Property and other financial resources can include expectations under a will and beneficial interests under a trust.
Expectations under a will
It is rare for a future entitlement under a will to be treated as a financial resource. It is difficult to predict life expectancy and therefore when an inheritance might be received. Another difficulty is trying to establish the amount that might be received and the uncertainty that a testator can change the terms of their will at any time. Unless a testator is a party to the proceedings, they are not obliged to disclose the terms of their will or value of their estate.
Whilst rare, if a future inheritance does have certainty, the court may consider it a resource. For example in Hayat Youssef Alireza v Hossam Youssef Ibrahim Radwan and others  EWCA Civ 1545 the court held that Saudi forced heirship laws meant that the wife’s future inheritance had certainty.
The court may also consider adjourning an application if one party to the proceedings is due a substantial inheritance that would significantly alter the available assets.
Assets or entitlement to income under a trust are a financial resource.

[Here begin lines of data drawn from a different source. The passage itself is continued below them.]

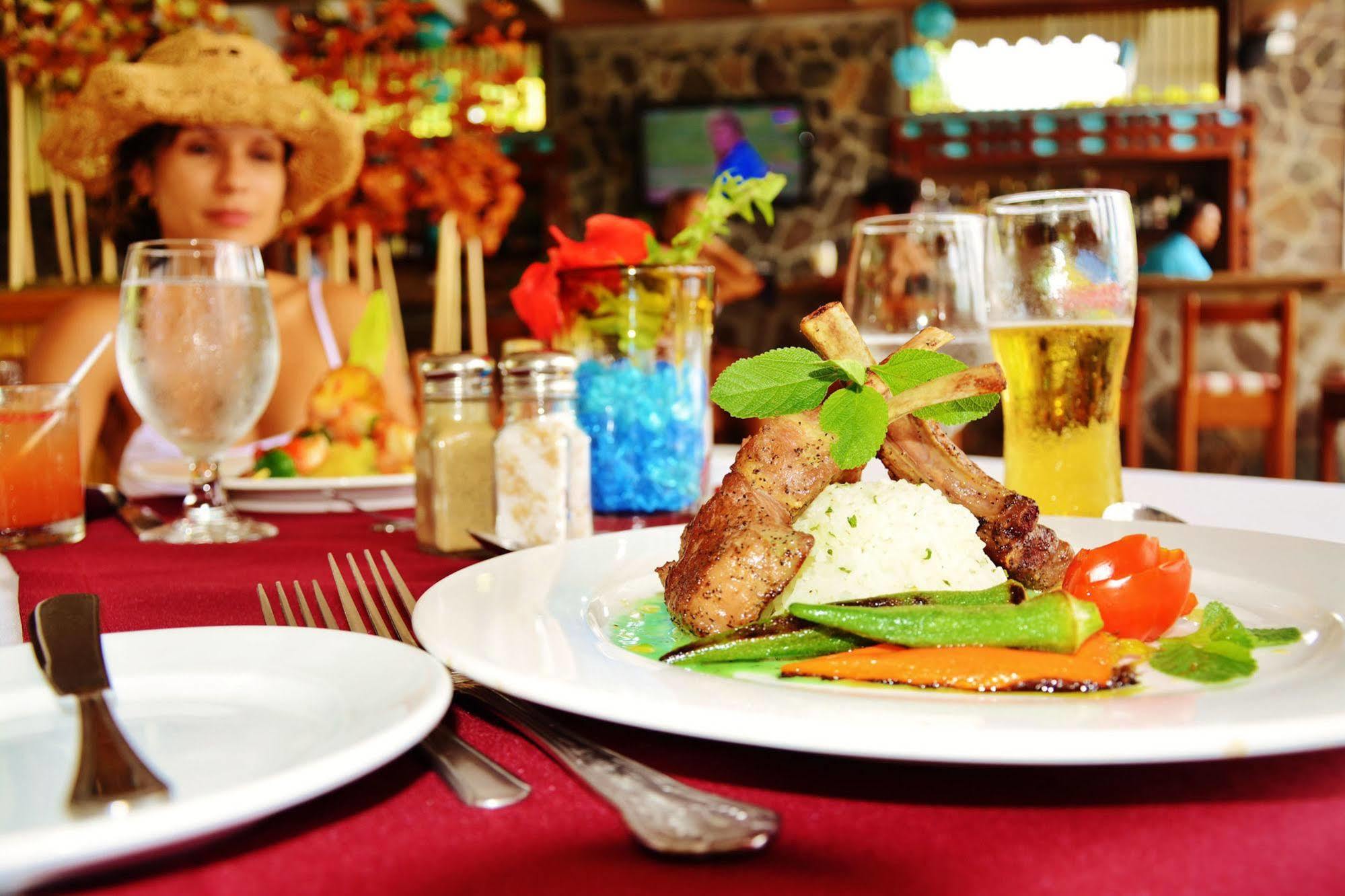 Saint Vincent Beachcombers Hotel מראה חיצוני תמונה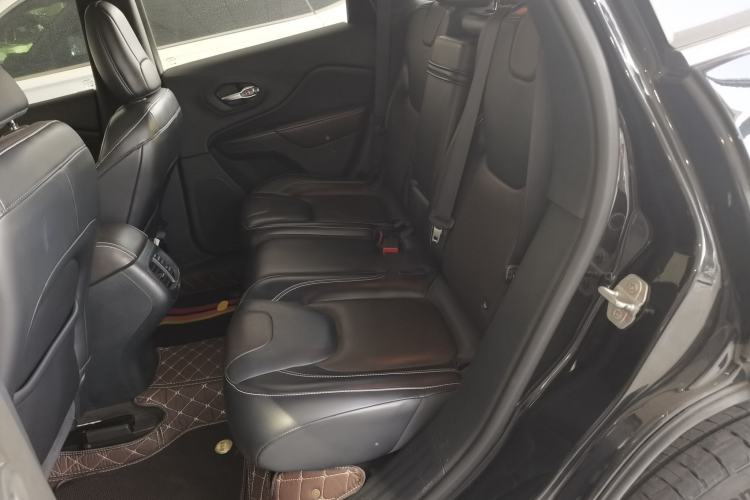 Used  Cherokee 2016 2.4L Professional Smart Version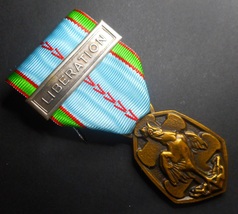 Original WW2 French Military Medal ~ The War Medal with Liberation Bar. - £27.05 GBP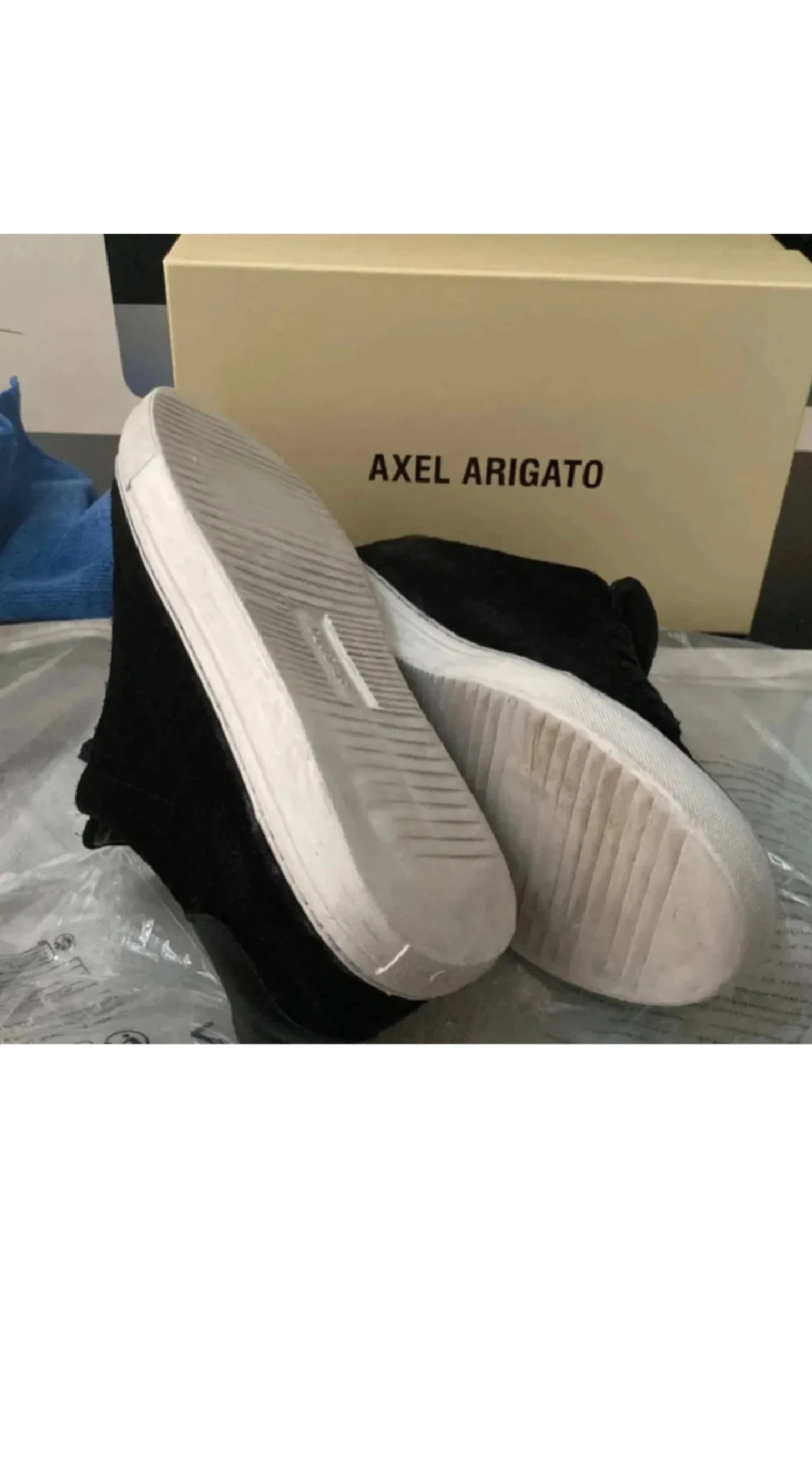 Svarta sneakers från Axel Arigato - 1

Whether or not they will be included in a divorce settlement will depend on the likelihood of the asset or income being received within the foreseeable future and the type of trust. The court will also look at the history of the trust; whether there have been previous advances to the beneficiaries and whether the trustees would be likely to advance capital at the request of the beneficiaries.
The origin of the funds in a trust will also be relevant. The court will distinguish between matrimonial assets (assets acquired during the marriage through the joint efforts of the parties) and non-matrimonial assets (those acquired prior to marriage, post separation or received through an inheritance). In White v White  UKHK 54 it was recognised that a party should be allowed to keep his non-matrimonial property, brought into the marriage or inherited or gifted to him during the marriage if the other party’s financial needs could be met without recourse to the non-matrimonial assets.